19 Temmuz’da Rojava Kurdistan’ında yürütülen devrimci halk savaşı bugünde aynı ruhla devam etmelidir. Bugün eğer kurumlarımızı istendiği gibi örgütlemezsek, devrimin kazanımlarını ele geçirmek için bekleyenler vardır. Türk devleti, ve daha başka devlet ve rejimler bekliyorlar ki devrimin kazanımlarını yok etsinler. Devrim yaptıklarını iddia eden diğer tarafları denetimlerine aldıklarını gibi burayı da denetimlerine almak istiyorlar ve isteyeceklerdir. Bunun içinde güçlü bir örgütlenmeye, öz savunma örgütlenmesi gerekiyor. Kuzey ve Doğu Suriye halkı devrimci bir halktır, bu halk kendilerini daha güçlü örgütlemelidirler. Çünkü kazanımlarımızı, uluslararasında daha tem olarak kesinleştirmemiş garanti altına almamışız. Rojava’da yaşayan halkımız öz savunma örgütlenmesi güçlendirmeli ve öz savunma örgütlülüğü içinde yer almalıdır. Devrimimiz üzerindeki tehlikeyi kaldırana ve statü kazanmanın yolunu açmalıyız. Öyle olmalıdır ki öz savunma siyasetin, ekonominin, onurlu bir yaşamın önünü açmalıdır.” dedi.

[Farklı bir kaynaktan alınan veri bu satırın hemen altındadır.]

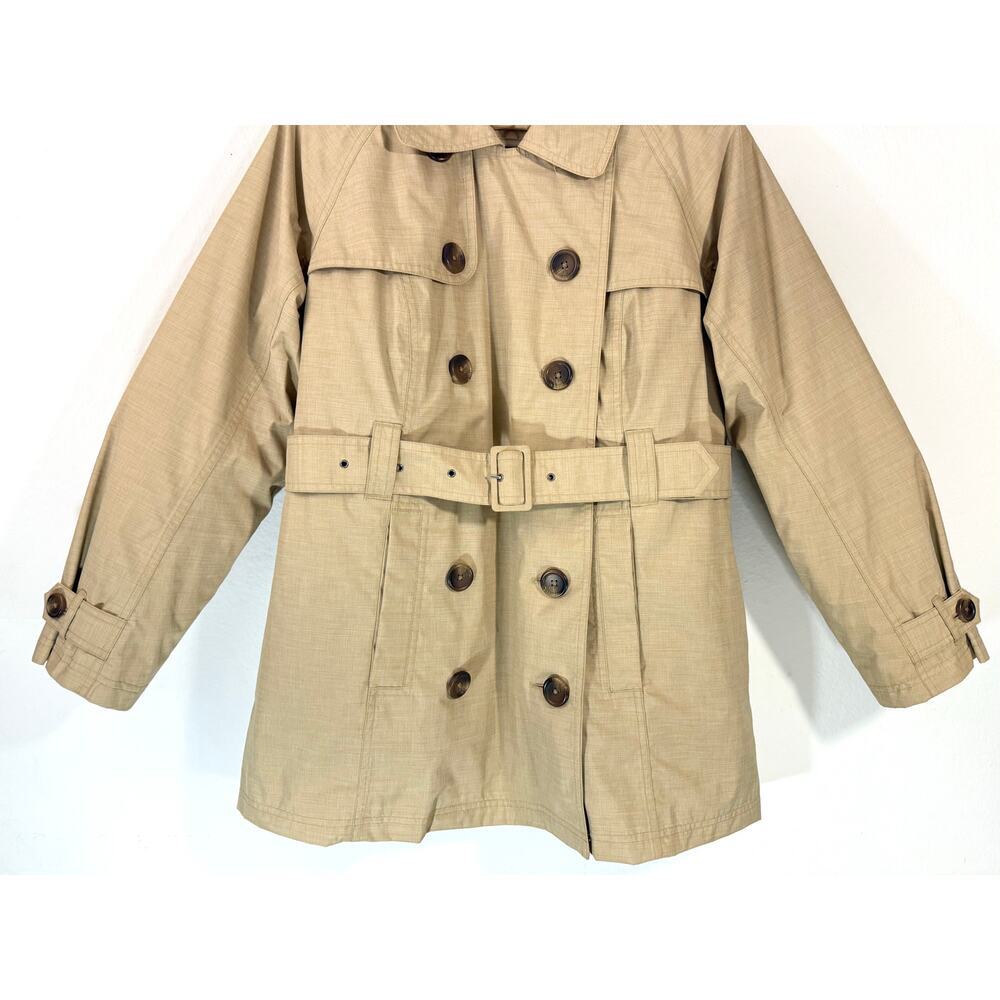 L.L.Bean Double Breasted Trench Coat Belted Tan Beige Womens Medium Petite Lined - Picture 4 of 9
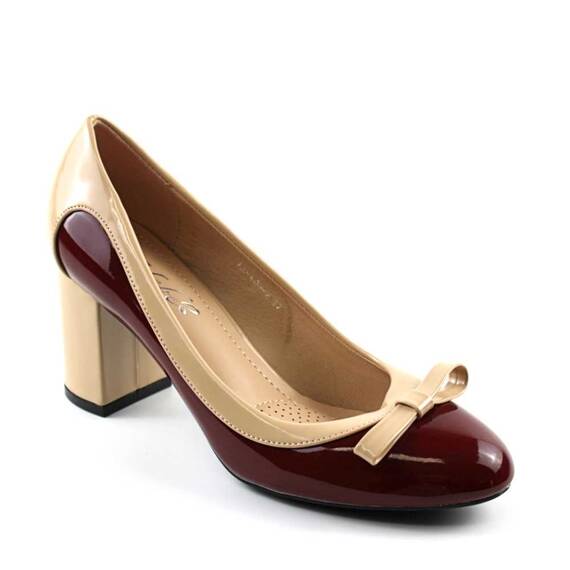 ​Pantofi eleganti de dama  cu toc mediu , gros LE-909-2-WINE/BEIGE, Culoare (12): BEJ/VISINIU, Marime (12): 36 - - Roveli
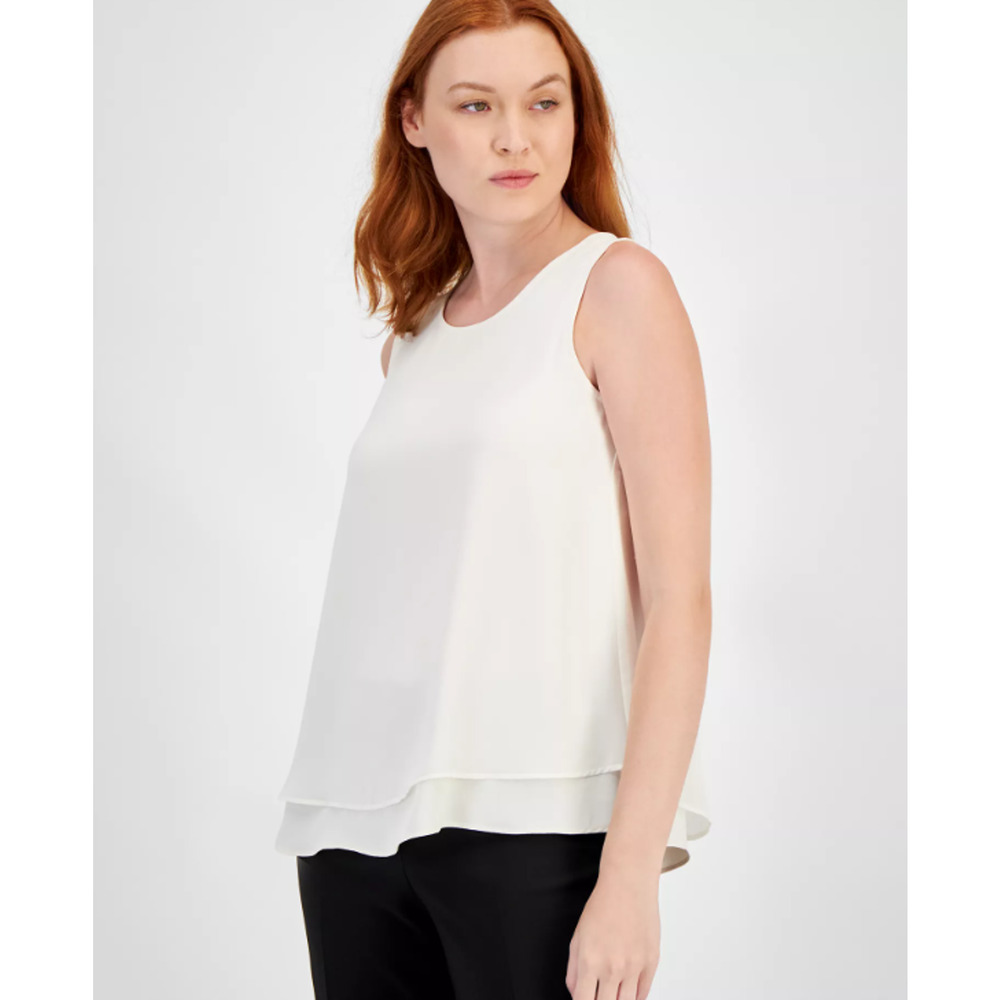 Anne Klein Women Scoop-Neck Sleeveless Double-Layered Top Sz XL 17255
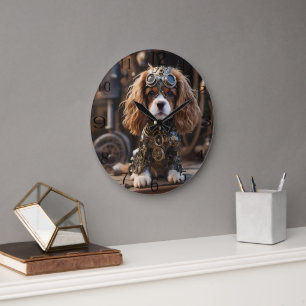Beautiful Cavalier Spaniel Puppy Steampunk, Large Clock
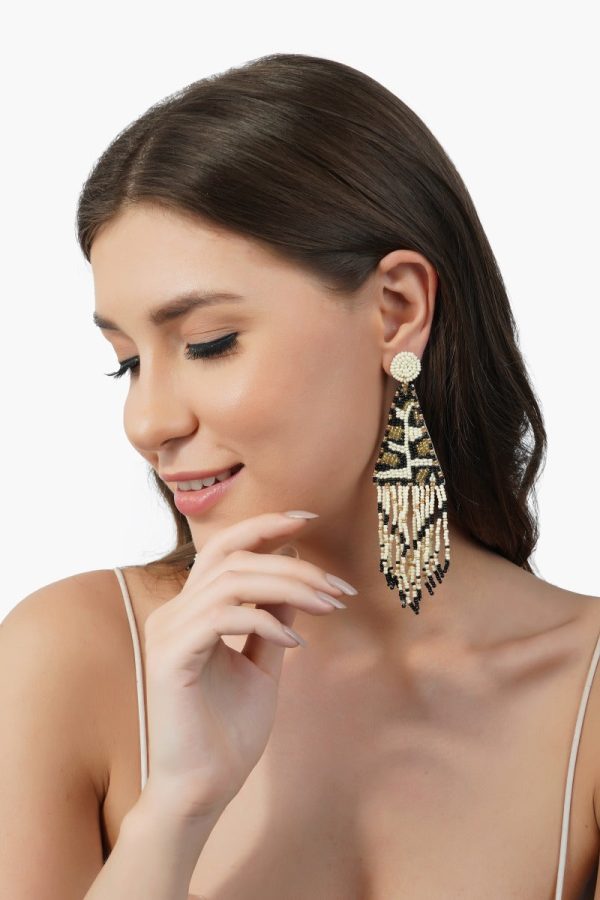Leopard Bead Fringe Earrings - Image 3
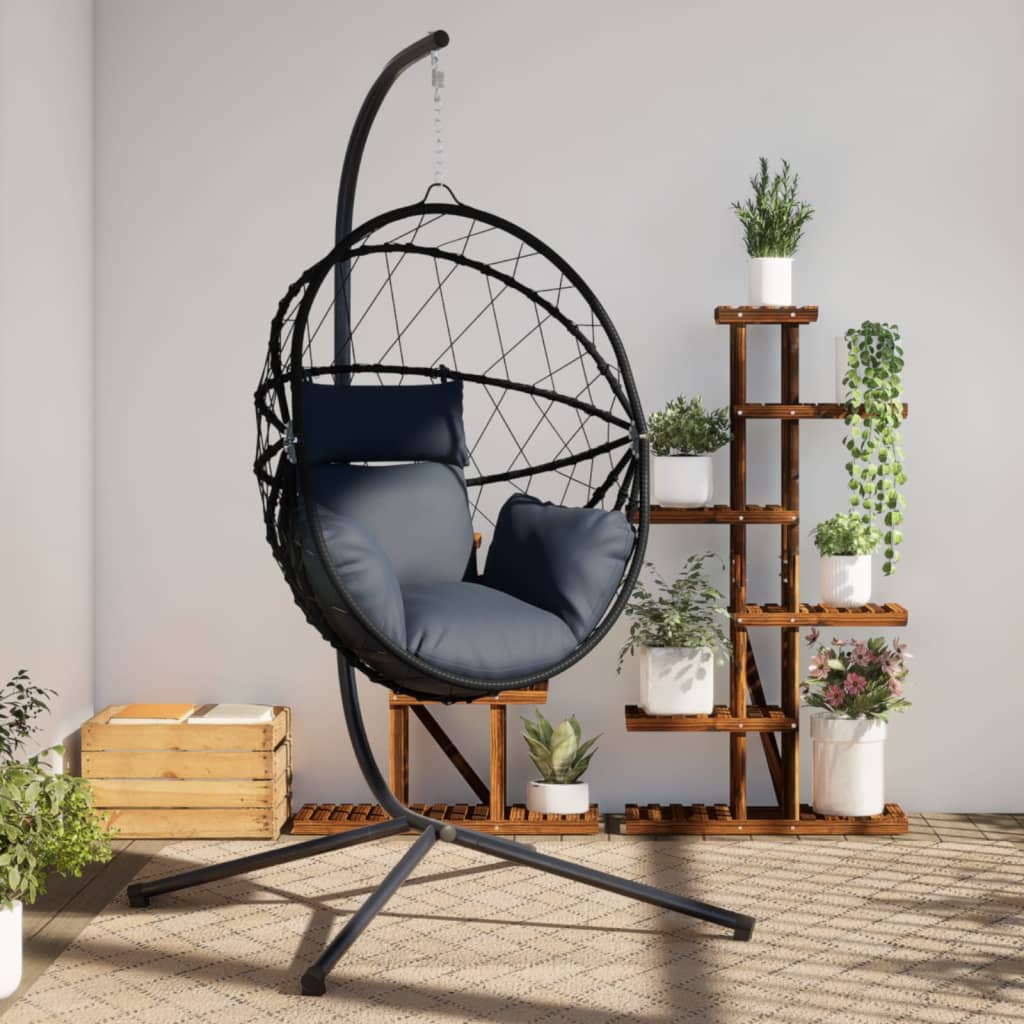 vidaXL Hanging Chair with Stand Rattan and Steel Anthracite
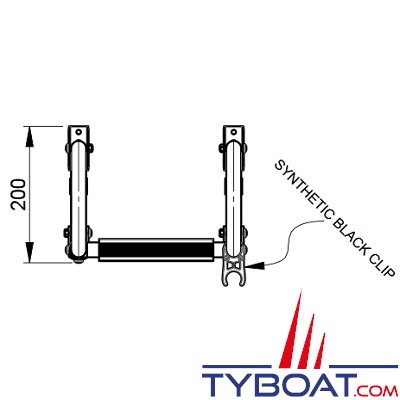 Vetus - Échelle pliable inox AISI 316 - avec arceaux montage sur pont - 4 marches - longueur totale 920 mm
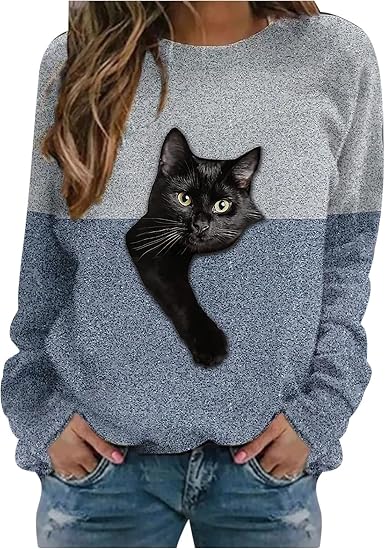 Maglione con stampa a forma di gatto, da donna, a maniche lunghe,  girocollo, per autunno e inverno : Amazon.it: Abbigliamento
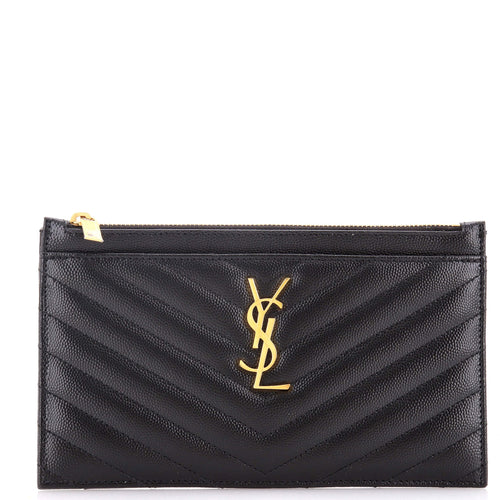 Classic Monogram Zip Bill Pouch Matelasse Chevron Leather Medium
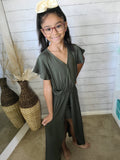 Olive overlay Romper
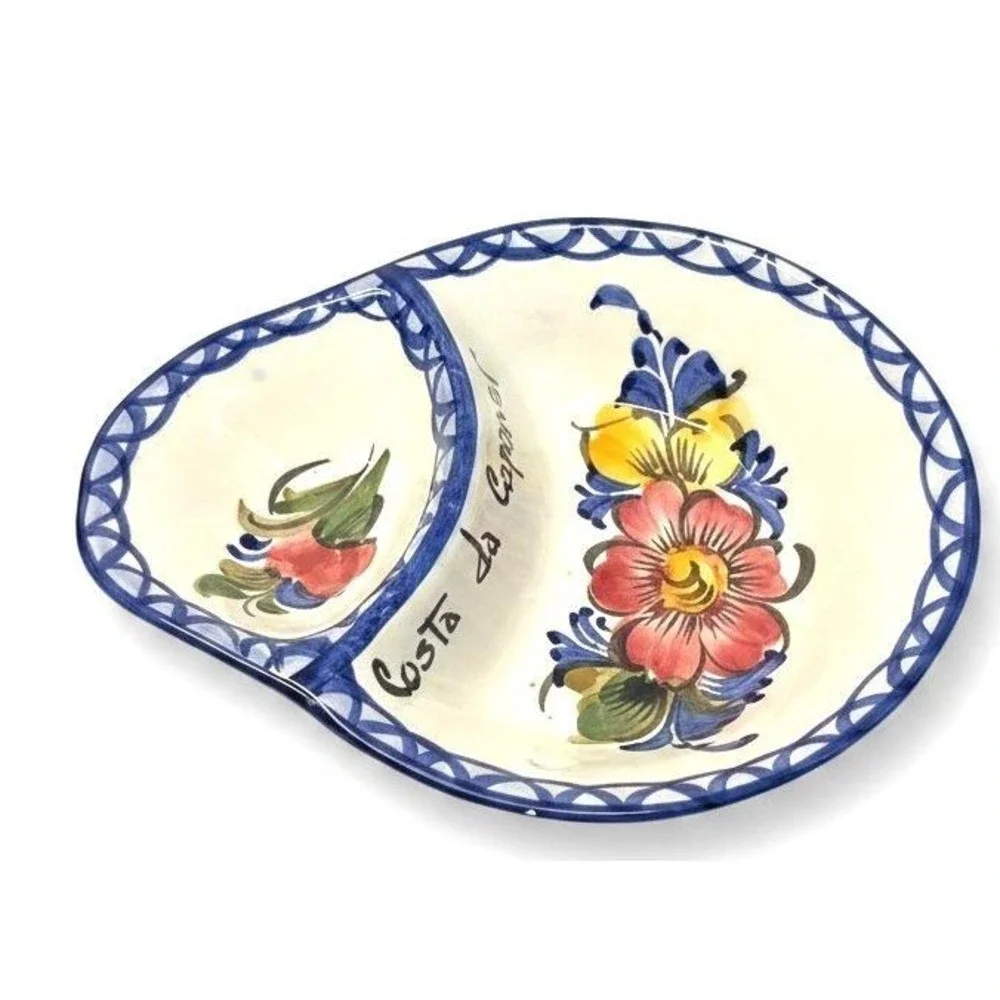 Hand Painted Portugal Costa da Caparica Floral Divided Ceramic‎ Serving Dish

VERDİĞİMİZ ŞEHİT VE BEDELLERİ ÖRGÜTLÜLÜK İLE KORUMALIYIZ
Konuşmasını tüm devrim şehitleri ve yurtsever Kurdistan halkına 19 Temmuz Devrimini kutlayarak bitiren YPG Sözcüsü Nûrî Mahmud konuşmasını şu sözlerle sonlandırdı: “Son yıllarda verdiğimiz onlarca şehidi ve bedeli, örgütlenme ile her saldırıya karşı korumalıyız. 19 Temmuz Devrimi El-Kaide’yi yendi, Müslüman Kardeşleri yendi, DAİŞ’i yendi, işgalciliği yok edecek bir duruma getirdi. Bunun için devrimi korumak adına örgütlülüğümüzü güçlendirmeliyiz.
19 Temmuz Devrimi Yıldönümünde, devrim şehitlerini anıyor, yaralılarımıza başarılar diliyor, halkımıza daha güçlü bir örgütlenme için başarılar diliyoruz.”